TODAY’S READING: AMOS 1-6

 

OVERVIEW:

God’s judgment upon eight nations (chapters 1-2); the guilt and punishment of Israel (chapters 3-6)

 

HIGHLIGHTS & INSIGHTS:

One of the most beautiful things about the Book of Amos was who God used to write it.  Amos was just a common, ordinary guy of average intelligence.  He didn’t come from a well-to-do or noble family, so no family pedigree (i.e.

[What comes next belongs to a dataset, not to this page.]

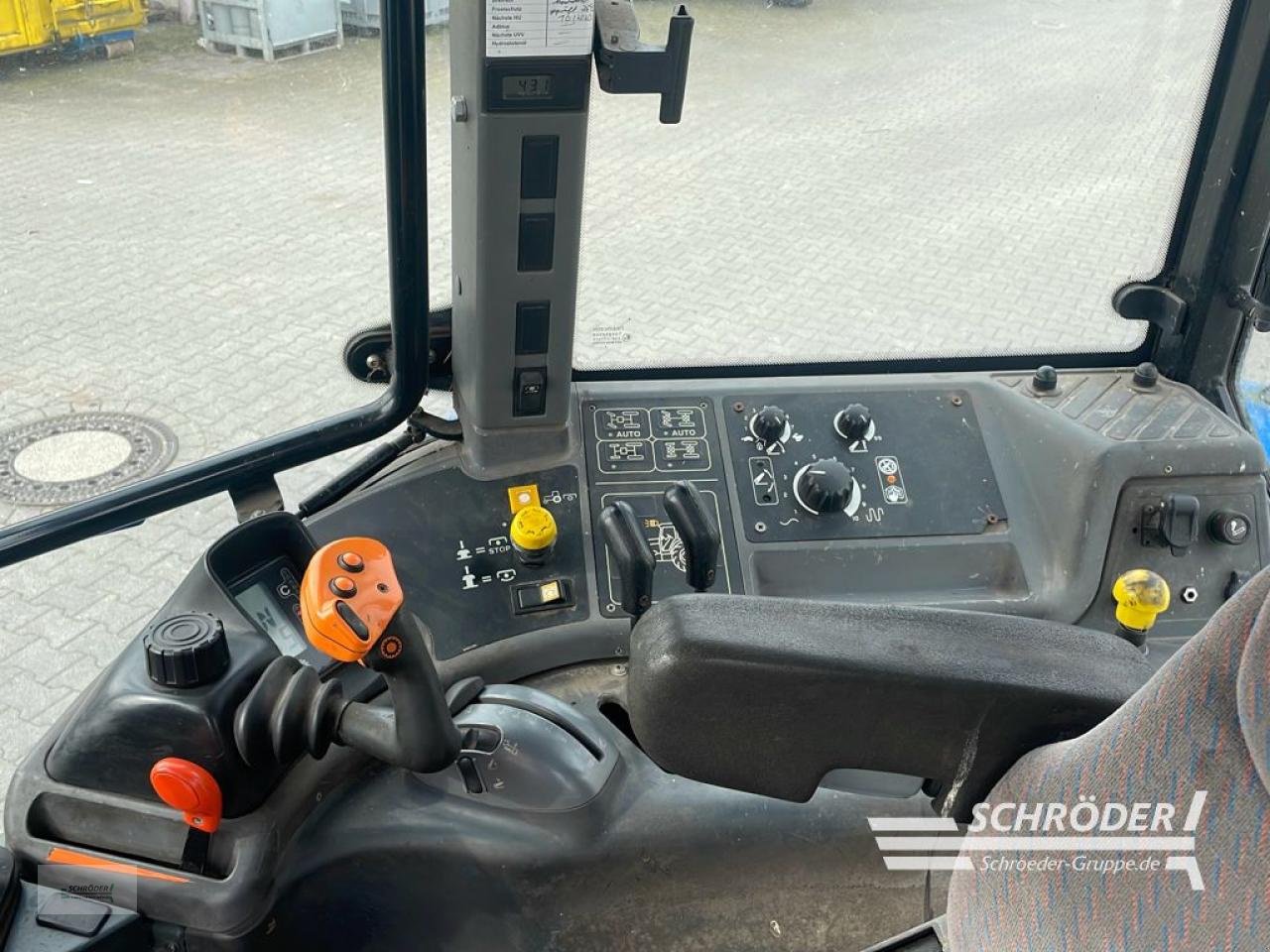 Traktor des Typs New Holland TM 120, Gebrauchtmaschine in Wildeshausen (Bild 11)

Amos, the son of... ) is given.  When God called him, he made his living as a “herdman” (1:1) – i.e. sheep-breeder, and as a tender of the sycamore trees (7:14).  The significant thing about Amos, however, is that God used him in a very uncommon, extraordinary, and above average way!  Always bank on it — God is a champion for the common man!  Speaking of the time of Jesus’ ministry, Mark 12:37 says, “And the common people heard him gladly”! It was the nobility and intelligencia that had such a hard time with Him, spent their time contesting and contending with Him, and ultimately put Him to death!  God has always taken great pleasure “[choosing] the weak things of the world to confound the things which are mighty; and the base things of the world, and!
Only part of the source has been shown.